Certains en font l’incarnation d’une menace qui pour être attentatoire à la diplomatie est forcément terroriste. Julian Assange est pour nombre de personnes dans le monde un quasi criminel à arrêter d’urgence. Et pourtant l’un de ses plus illustres prédécesseurs, Daniel Ellsberg, montre qu’à ce petit jeu là les gouvernements n’ont pas toujours gain de cause.
Pas un jour sans que « l’affaire Wikileaks » n’ait son flot d’indignations ou d’accusations émanant de hauts responsables politiques dénonçant l’irresponsabilité des agissements de Julian Assange. Et pourtant loin de nier le caractère potentiellement utopiste de cette démarche, il semble intéressant ; en parallèle de tout ce que Wikileaks nous dit des médias, de la politique, de l’idéal démocratique et du principe de transparence, idéal jusque là irréalisé des Lumières, d’identifier d’éventuels précédents.

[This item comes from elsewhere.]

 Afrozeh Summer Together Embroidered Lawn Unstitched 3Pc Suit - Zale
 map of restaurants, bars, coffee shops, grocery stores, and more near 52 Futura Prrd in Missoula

Au premier rang d’entre eux figure bien sur le cas de Daniel Ellsberg, qui durant l’été 1971 révélât au public les fameux Pentagon Paper. Alors expert de la défense cet homme, docteur en économie de Harvard, était à l’époque âgé de 40 ans. Des mois durant il photocopia, et oui internet facilite grandement le travail aujourd’hui, les 7000 pages d’un rapport secret rédigé à la demande de McNamara sur l’implication politique et militaire des États-Unis dans la guerre du Viêt Nam de 1945 à 1971.
A l’époque l’affaire fit grand bruit. Comme pour Wikileaks de grands journaux s’était emparé de ces 47 volumes pour tenter d’informer l’opinion publique. Et la classe politique, diplomates en tête, avait hurlé à l’irresponsabilité. Informer les citoyens sur ce qui doit rester secret ? Pensez donc c’est une infamie.
Pour de tels actes Ellsberg avait été poursuivi pour vol, conspiration et espionnage, le cabinet de son psychiatre avait même été cambriolé, sa carrière se trouva stoppé net. Persuadé, à juste titre vraisemblablement, que le retournement de l’opinion publique contre la guerre datait de cette affaire, l’administration Nixon organisa son espionnage et son harcèlement.
Mais Ellsberg résista et ne renia jamais rien des engagements et des convictions qui avaient guidés son action. En 1973 Ellsberg fut acquitté et le New York Times, qui fut poursuivi pour avoir publié des extraits du document, s’en sortit, lui aussi, sans encombre. Le jugement de la Cour Suprême (The New York Times Co. Vs United States) fit même précédent
Preuve en est que certes Assange peut se voir comme un utopiste à l’attaque d’une forteresse bien défendue. Son action ne doit vraisemblablement pas se passer de notre point de vue critique. Mais notons, tout de même, qu’il peut très bien faire l’histoire, tout comme Ellsberg pu, dans « l’illégalité », la controverse et les risques, la faire.